What the exercise asks.
Leaving out all pictures, return exactly the lines from the one that contains "NWT Women's Size" through the end of the data below.

Supplied data.

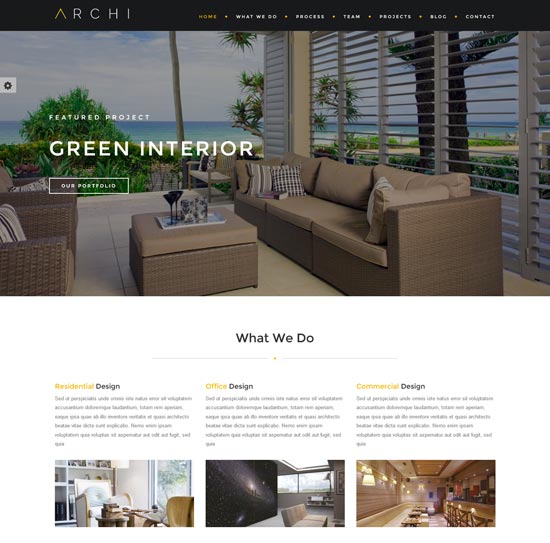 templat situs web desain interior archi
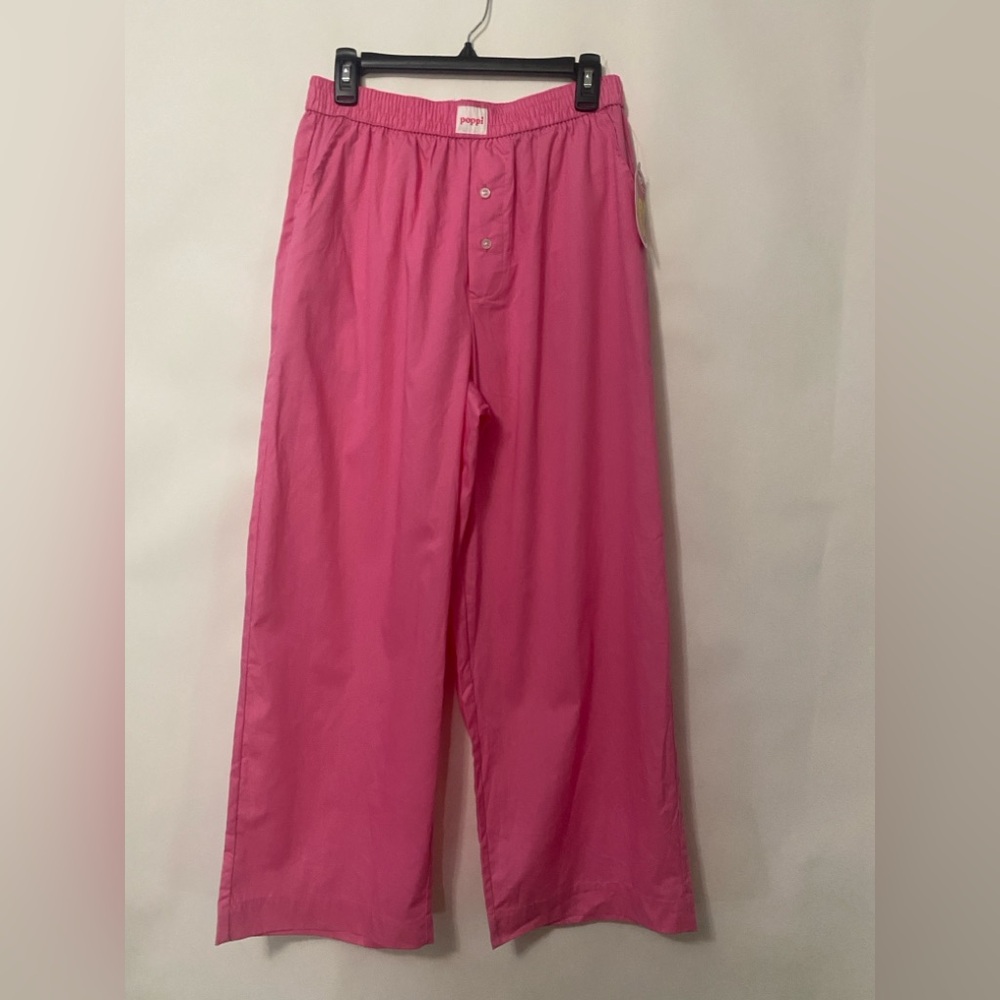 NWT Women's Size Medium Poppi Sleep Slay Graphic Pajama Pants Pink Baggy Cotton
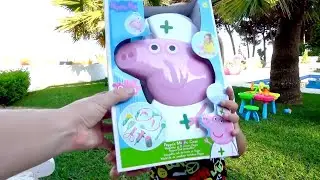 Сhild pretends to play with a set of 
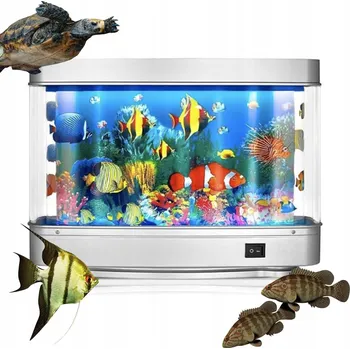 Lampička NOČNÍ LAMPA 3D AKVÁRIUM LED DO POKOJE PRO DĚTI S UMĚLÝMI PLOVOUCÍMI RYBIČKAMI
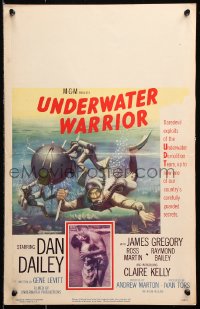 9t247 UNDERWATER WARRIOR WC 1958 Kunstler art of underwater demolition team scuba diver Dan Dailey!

Written response.
 NWT Women's Size Medium Poppi Sleep Slay Graphic Pajama Pants Pink Baggy Cotton
 Сhild pretends to play with a set of 
 Lampička NOČNÍ LAMPA 3D AKVÁRIUM LED DO POKOJE PRO DĚTI S UMĚLÝMI PLOVOUCÍMI RYBIČKAMI
 9t247 UNDERWATER WARRIOR WC 1958 Kunstler art of underwater demolition team scuba diver Dan Dailey!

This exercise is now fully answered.